■ INFORMATION SHOWN ■
++++
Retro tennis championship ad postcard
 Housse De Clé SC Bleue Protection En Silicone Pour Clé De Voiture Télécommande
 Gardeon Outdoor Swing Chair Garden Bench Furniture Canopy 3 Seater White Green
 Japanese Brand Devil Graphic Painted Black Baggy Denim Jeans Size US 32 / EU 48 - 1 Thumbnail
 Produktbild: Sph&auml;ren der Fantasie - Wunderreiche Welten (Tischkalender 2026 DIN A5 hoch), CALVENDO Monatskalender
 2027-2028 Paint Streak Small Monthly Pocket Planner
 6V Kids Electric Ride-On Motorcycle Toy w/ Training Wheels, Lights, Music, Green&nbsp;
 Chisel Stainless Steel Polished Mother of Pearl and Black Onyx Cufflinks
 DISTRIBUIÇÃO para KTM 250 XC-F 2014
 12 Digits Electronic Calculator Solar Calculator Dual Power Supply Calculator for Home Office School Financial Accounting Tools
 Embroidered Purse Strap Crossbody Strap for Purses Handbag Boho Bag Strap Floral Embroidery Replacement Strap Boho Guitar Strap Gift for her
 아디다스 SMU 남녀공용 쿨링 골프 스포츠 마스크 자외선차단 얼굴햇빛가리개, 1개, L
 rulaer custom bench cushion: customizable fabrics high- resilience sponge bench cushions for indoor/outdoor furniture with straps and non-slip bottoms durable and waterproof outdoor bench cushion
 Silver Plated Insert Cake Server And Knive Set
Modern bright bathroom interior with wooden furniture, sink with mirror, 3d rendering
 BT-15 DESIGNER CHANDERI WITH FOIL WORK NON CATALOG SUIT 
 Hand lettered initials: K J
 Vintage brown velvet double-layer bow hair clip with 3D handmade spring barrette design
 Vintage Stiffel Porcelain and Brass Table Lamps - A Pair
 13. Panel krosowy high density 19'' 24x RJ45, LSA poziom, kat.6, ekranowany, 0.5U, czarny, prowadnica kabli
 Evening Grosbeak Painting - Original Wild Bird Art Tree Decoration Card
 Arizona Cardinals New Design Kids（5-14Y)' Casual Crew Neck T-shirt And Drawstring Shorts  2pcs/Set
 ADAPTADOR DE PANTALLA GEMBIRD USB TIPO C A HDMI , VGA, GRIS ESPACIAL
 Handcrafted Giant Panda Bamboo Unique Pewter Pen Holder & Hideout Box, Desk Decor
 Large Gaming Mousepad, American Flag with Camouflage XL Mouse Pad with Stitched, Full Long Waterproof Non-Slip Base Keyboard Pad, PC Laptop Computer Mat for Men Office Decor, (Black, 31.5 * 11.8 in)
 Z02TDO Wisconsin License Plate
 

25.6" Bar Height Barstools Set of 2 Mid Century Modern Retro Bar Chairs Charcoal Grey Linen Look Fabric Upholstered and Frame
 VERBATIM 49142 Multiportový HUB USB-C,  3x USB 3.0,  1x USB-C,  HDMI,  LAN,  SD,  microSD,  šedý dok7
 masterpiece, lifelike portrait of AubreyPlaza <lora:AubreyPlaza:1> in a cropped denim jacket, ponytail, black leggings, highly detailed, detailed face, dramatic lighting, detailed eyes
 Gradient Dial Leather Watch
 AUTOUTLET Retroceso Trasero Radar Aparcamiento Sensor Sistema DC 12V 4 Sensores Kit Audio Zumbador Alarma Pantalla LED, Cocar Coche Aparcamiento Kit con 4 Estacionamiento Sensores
++++
So that nothing is lost, restate all the material word for word.

Retro tennis championship ad postcard
 Housse De Clé SC Bleue Protection En Silicone Pour Clé De Voiture Télécommande
 Gardeon Outdoor Swing Chair Garden Bench Furniture Canopy 3 Seater White Green
 Japanese Brand Devil Graphic Painted Black Baggy Denim Jeans Size US 32 / EU 48 - 1 Thumbnail
 Produktbild: Sph&auml;ren der Fantasie - Wunderreiche Welten (Tischkalender 2026 DIN A5 hoch), CALVENDO Monatskalender
 2027-2028 Paint Streak Small Monthly Pocket Planner
 6V Kids Electric Ride-On Motorcycle Toy w/ Training Wheels, Lights, Music, Green&nbsp;
 Chisel Stainless Steel Polished Mother of Pearl and Black Onyx Cufflinks
 DISTRIBUIÇÃO para KTM 250 XC-F 2014
 12 Digits Electronic Calculator Solar Calculator Dual Power Supply Calculator for Home Office School Financial Accounting Tools
 Embroidered Purse Strap Crossbody Strap for Purses Handbag Boho Bag Strap Floral Embroidery Replacement Strap Boho Guitar Strap Gift for her
 아디다스 SMU 남녀공용 쿨링 골프 스포츠 마스크 자외선차단 얼굴햇빛가리개, 1개, L
 rulaer custom bench cushion: customizable fabrics high- resilience sponge bench cushions for indoor/outdoor furniture with straps and non-slip bottoms durable and waterproof outdoor bench cushion
 Silver Plated Insert Cake Server And Knive Set
Modern bright bathroom interior with wooden furniture, sink with mirror, 3d rendering
 BT-15 DESIGNER CHANDERI WITH FOIL WORK NON CATALOG SUIT 
 Hand lettered initials: K J
 Vintage brown velvet double-layer bow hair clip with 3D handmade spring barrette design
 Vintage Stiffel Porcelain and Brass Table Lamps - A Pair
 13. Panel krosowy high density 19'' 24x RJ45, LSA poziom, kat.6, ekranowany, 0.5U, czarny, prowadnica kabli
 Evening Grosbeak Painting - Original Wild Bird Art Tree Decoration Card
 Arizona Cardinals New Design Kids（5-14Y)' Casual Crew Neck T-shirt And Drawstring Shorts  2pcs/Set
 ADAPTADOR DE PANTALLA GEMBIRD USB TIPO C A HDMI , VGA, GRIS ESPACIAL
 Handcrafted Giant Panda Bamboo Unique Pewter Pen Holder & Hideout Box, Desk Decor
 Large Gaming Mousepad, American Flag with Camouflage XL Mouse Pad with Stitched, Full Long Waterproof Non-Slip Base Keyboard Pad, PC Laptop Computer Mat for Men Office Decor, (Black, 31.5 * 11.8 in)
 Z02TDO Wisconsin License Plate
 

25.6" Bar Height Barstools Set of 2 Mid Century Modern Retro Bar Chairs Charcoal Grey Linen Look Fabric Upholstered and Frame
 VERBATIM 49142 Multiportový HUB USB-C,  3x USB 3.0,  1x USB-C,  HDMI,  LAN,  SD,  microSD,  šedý dok7
 masterpiece, lifelike portrait of AubreyPlaza <lora:AubreyPlaza:1> in a cropped denim jacket, ponytail, black leggings, highly detailed, detailed face, dramatic lighting, detailed eyes
 Gradient Dial Leather Watch
 AUTOUTLET Retroceso Trasero Radar Aparcamiento Sensor Sistema DC 12V 4 Sensores Kit Audio Zumbador Alarma Pantalla LED, Cocar Coche Aparcamiento Kit con 4 Estacionamiento Sensores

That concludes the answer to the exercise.